8.2 The Customer warrants to the Provider that the Customer Data will not infringe the Intellectual Property Rights or other legal rights of any person, and will not breach the provisions of any law, statute or regulation in any jurisdiction and under any applicable law.
8.3 The Provider shall create a back-up copy of the Customer Data at least daily, shall ensure that each such copy is sufficient to enable the Provider to restore the Hosted Services to the state they were in at the time the back-up was taken, and shall retain and securely store each such copy for a minimum period of 30 days.
8.4 Within the period of 3 Business Days following receipt of a written request from the Customer, the Provider shall use all reasonable endeavours to restore to the Platform the Customer Data stored in any back-up copy created and stored by the Provider in accordance with Clause 8.3. The Customer acknowledges that this process will overwrite the Customer Data stored on the Platform prior to the restoration.
9. No assignment of Intellectual Property Rights
9.1 Nothing in this Agreement shall operate to assign or transfer any Intellectual Property Rights from the Provider to the Customer, or from the Customer to the Provider.
10.1 The Customer shall pay the Charges to the Provider in accordance with this Agreement.
10.2 If the Charges are based in whole or part upon the time spent by the Provider performing the Services, the Provider must obtain the Customer’s written consent before performing Services that result in any estimate of time-based Charges given to the Customer being exceeded or any budget for time-based Charges agreed by the parties being exceeded; and unless the Customer agrees otherwise in writing, the Customer shall not be liable to pay to the Provider any Charges in respect of Services performed in breach of this Clause 10.2.
10.3 All amounts stated in or in relation to this Agreement are, unless the context requires otherwise, stated exclusive of any applicable value added taxes, which will be added to those amounts and payable by the Customer to the Provider.
10.4 The Provider may elect to vary any element of the Charges by giving to the Customer not less than 30 days’ written notice of the variation.
11.1 The Provider shall issue invoices for the Charges to the Customer.
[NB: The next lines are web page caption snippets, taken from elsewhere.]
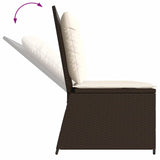 Garden Bench with Cushion Brown Poly rattan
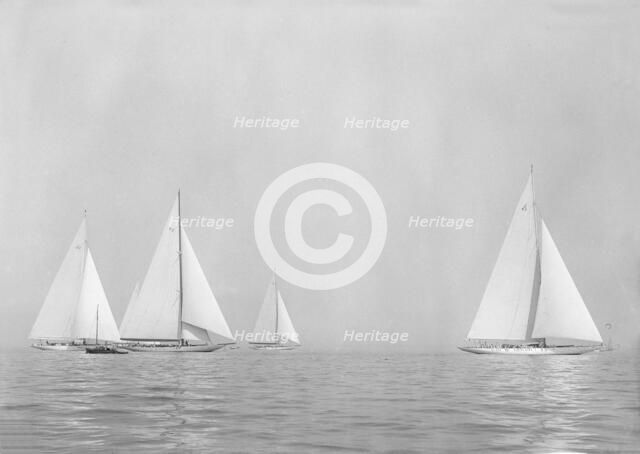 Sailing yachts 'Yankee', 'Astra' and 'Velsheda', 1935. Creator: Kirk & Sons of Cowes.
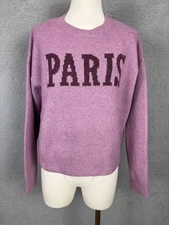 Hooked up by Iot Juniors' "It Girl" Paris Crewneck Sweater Purple Size Small NWT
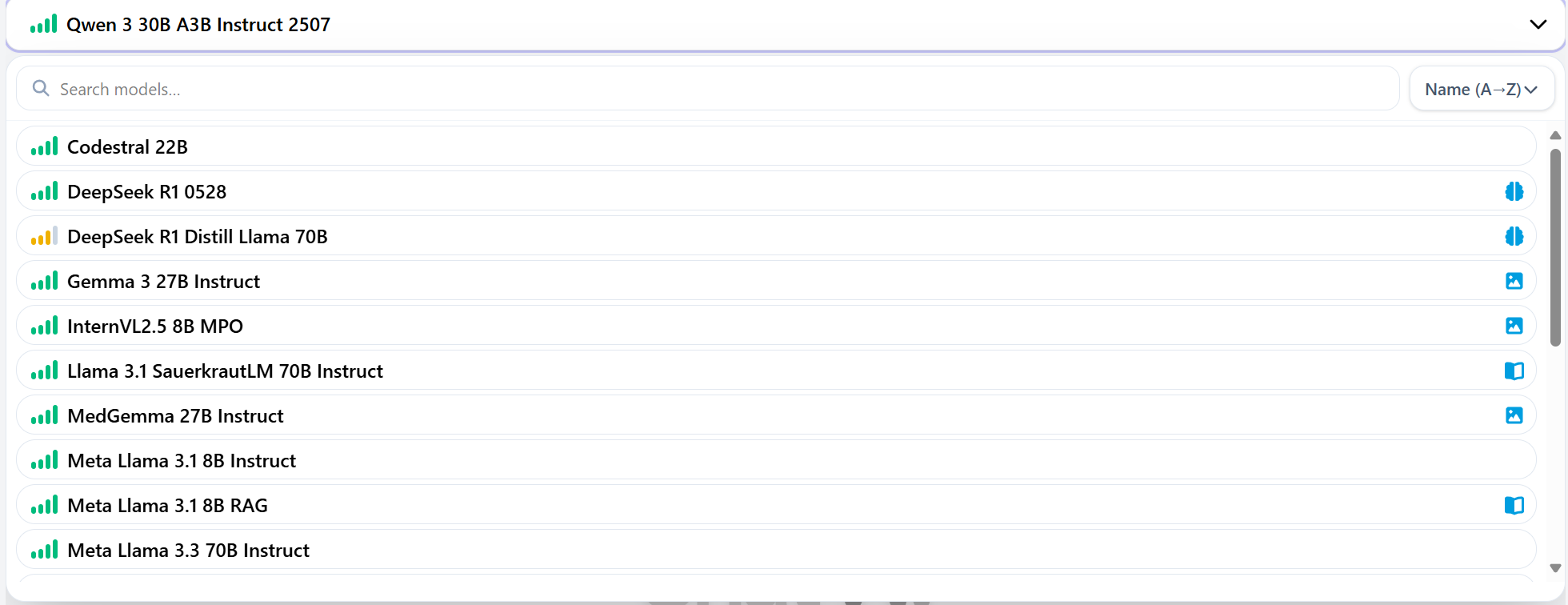 Drop-Down Menü Sprachmodelle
11.2 The Customer must pay the Charges to the Provider within the period of 30 days following the issue of an invoice in accordance with this Clause 11.
11.3 The Customer must pay the Charges by debit card or credit card, or by other means agreed between the Provider and Customer from time to time.
11.4 If the Customer does not pay any amount properly due to the Provider under this Agreement, the Provider may:
(a) charge the Customer interest on the overdue amount at the rate of 8% per annum above the Bank of England base rate from time to time (which interest will accrue daily until the date of actual payment and be compounded at the end of each calendar month); or
(b) claim interest and statutory compensation from the Customer pursuant to the Late Payment of Commercial Debts (Interest) Act 1998.
12. Confidentiality obligations
12.1 Both parties must:
(a) keep the Confidential Information of the other party strictly confidential;
(b) not disclose the Confidential Information of the other party to any person without the other party’s prior written consent;
(c) use the same degree of care to protect the confidentiality of the Confidential Information as they use to protect their own confidential information of a similar nature, being at least a reasonable degree of care;
(d) act in good faith at all times in relation to the Confidential Information; and
(e) not use any of the Confidential Information for any purpose other than that for which it was provided.
12.2 Notwithstanding Clause 12.1, a party may disclose the Confidential Information to their officers, employees, professional advisers, insurers, agents and subcontractors who have a need to access the Confidential Information for the performance of their work with respect to this Agreement and who are bound by a written agreement or professional obligation to protect the confidentiality of the Confidential Information.
12.3 This Clause 12 imposes no obligations upon either party with respect to Confidential Information that:
(a) is known to the party before disclosure under this Agreement and is not subject to any other obligation of confidentiality;
(b) is or becomes publicly known through no act or default of the party; or
(c) is obtained from a third party in circumstances where the recipient has no reason to believe that there has been a breach of an obligation of confidentiality.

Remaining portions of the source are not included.